Os traços da repressão do período colonial e imperial, porém, perduravam na nova República: manifestações culturais africanas eram malvistas e até condenadas, empurrando os ex-escravos para as margens da sociedade mais uma vez. Assim, eles faziam suas festas entre si, em casas de matriarcas afrodescendentes que acobertavam os sambas. Com o tempo, o som foi encontrando os círculos da alta elite social e virou o “ritmo brasileiro“.
Sabedoria popular africana: ditados que você nem sabia que vieram de lá
A herança cultural de um povo não é apenas feita das grandes obras, nomes e conceitos; ela também é reforçada e disseminada pela vivência em sociedade, pelos chavões e bordões, pelas superstições, e pelo que se chama de “sabedoria popular“.

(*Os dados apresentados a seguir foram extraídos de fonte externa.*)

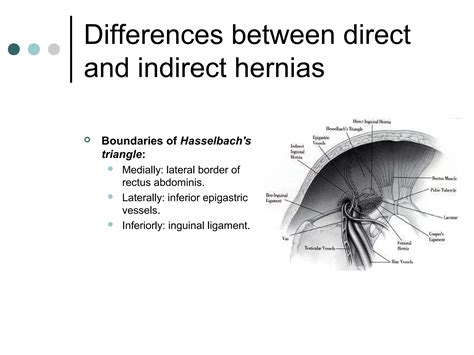 Hernia | PPT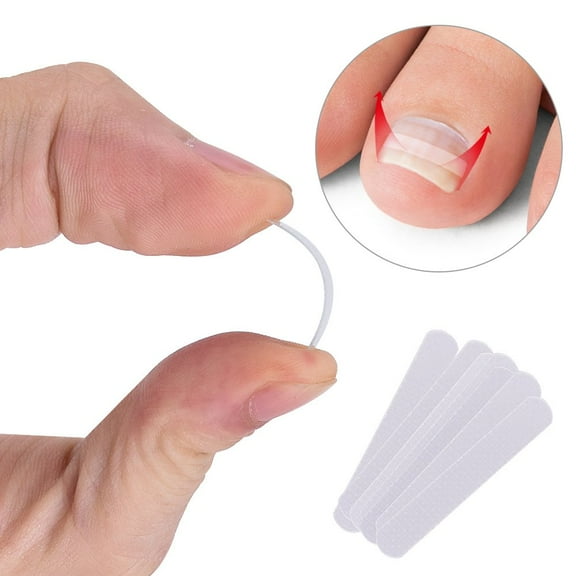 Ingrown Toenail Corrector Strips,Curved Brace Toenails Correction Tool,Ingrown Toenail Pedicure Tool,Curved Brace Toenails Thick Paronychia Correction Tool. Transparent,12 Pieces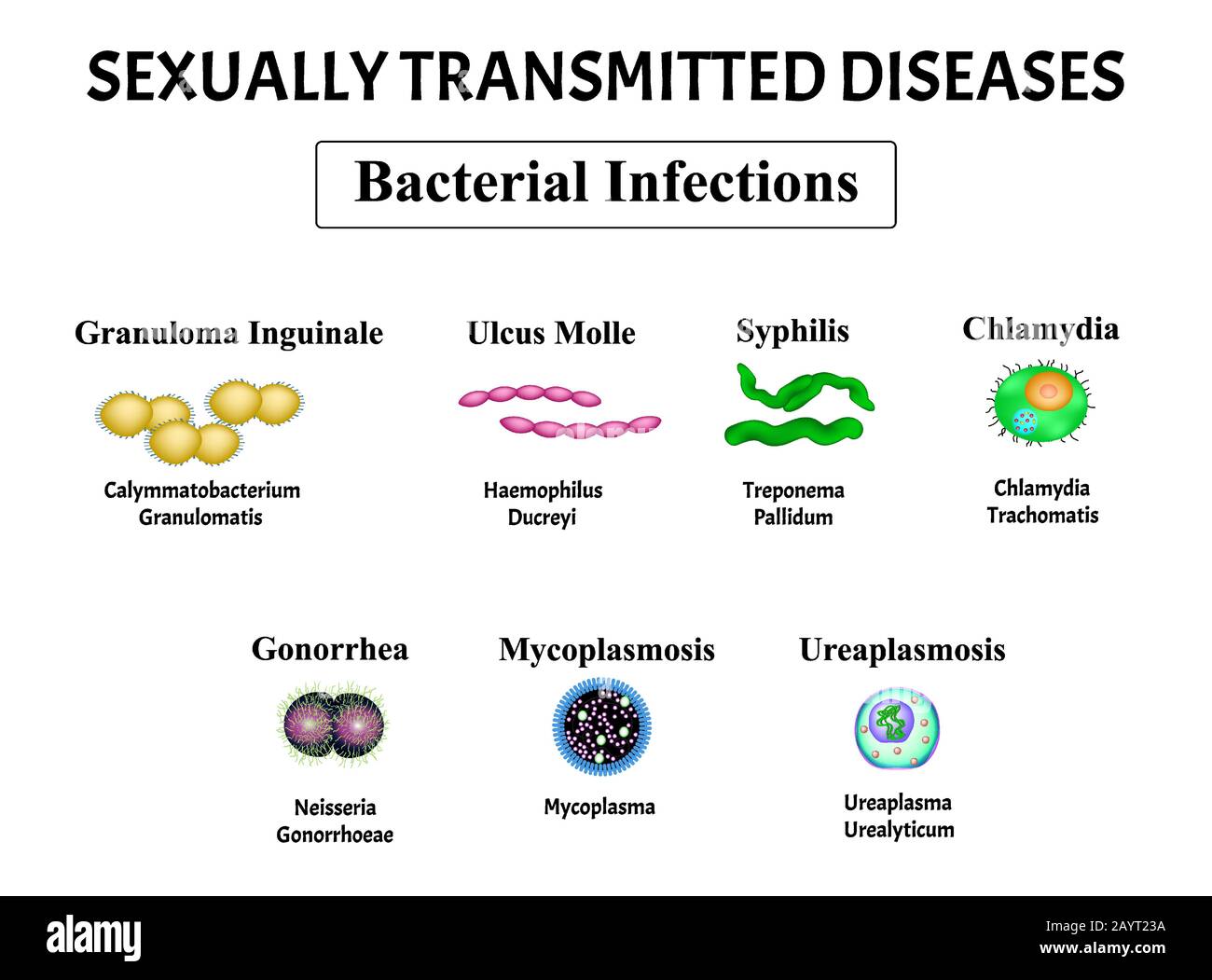Syphilis, spirochaete, Treponema, Gonococcus, Gonorrhea, Chlamydiosis, Chlamydia, Mycoplasma, Ureaplasma Bacterial infection set. Sexually transmitted Stock Vector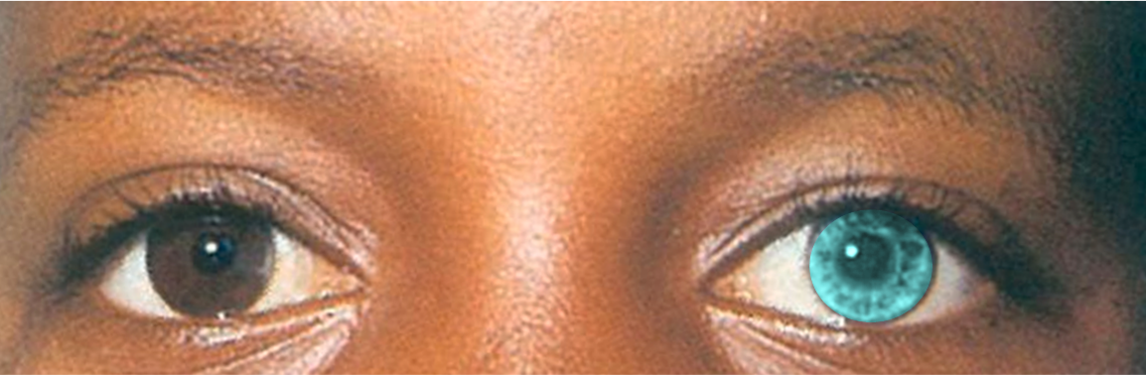 Dark Skin Mint Eye Heterochromia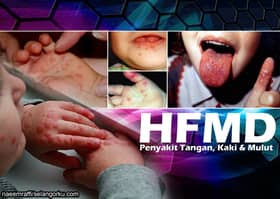 HFMD: Sikap ibu bapa, pusat jagaan kanak-kanak padat punca kes naik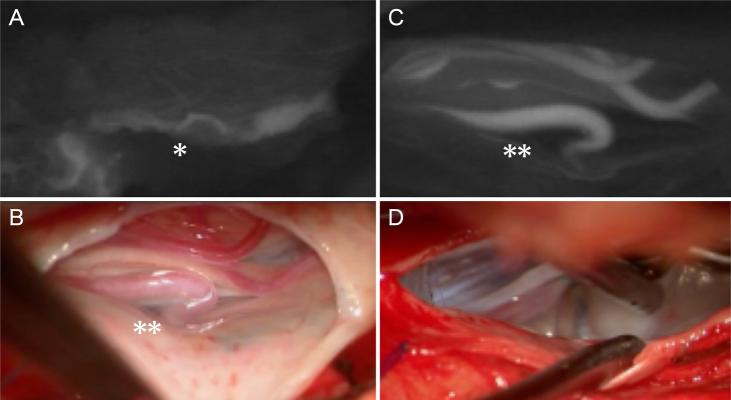 https://cdn.ncbi.nlm.nih.gov/pmc/blobs/cb90/12278957/131c65068f10/CASE25353_figure_2.jpg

Muitos ditados populares, por exemplo, vieram da África, mas muita gente sequer faz ideia disso, não por descaso, mas, simplesmente, porque a cultura africana ainda carrega injustamente a má reputação que lhe foi imputada nos séculos passados. Por isso, ela ou é ignorada, ou é gentrificada e passada adiante como se não fosse africana de origem.
Veja agora alguns ditados populares que nasceram no Berço da Humanidade:
“Se quiser ir rápido, vá sozinho. Se quiser ir longe, vá acompanhado“
Usado muito em frases motivacionais e discursos corporativos, a origem dessa frase não é exatamente conhecida, mas é frequentemente citada como sendo um provérbio queniano ou ganês.
“A maré calma não faz marinheiros habilidosos“
A frase, que prevalece até hoje na cultura popular e na ficção, já foi atribuída à filosofia grega, ao presidente Roosevelt (EUA), e foi tida como sabedoria cultural de marinheiros. Mas, na verdade, ela aparece pela primeira vez na literatura oral da África Ocidental.
“Não importa se a noite é longa, pois o dia sempre vem“
Há diversas reinterpretações e maneiras de escrever a frase acima, que já foi usada até mesmo nos anos 1990 por Tupac Shakur. Sua origem vem das tradições de povos da África Oriental, passando uma mensagem de esperança e paciência.
“Quem não chora, não mama“
O provérbio original, de origem do povo Iorubá, se aproxima mais de “A criança que chora primeiro chega primeiro ao peito da mãe”, cujos significados são similares, mas não iguais.
“O inimigo no mundo não pode te machucar se não há inimigos em você“
O provérbio acima, de origens pan-africanas, se assemelha muito a um trecho da Bíblia: “porque aquele que está em vocês é maior do que aquele que está no mundo (1 João 4:4)”.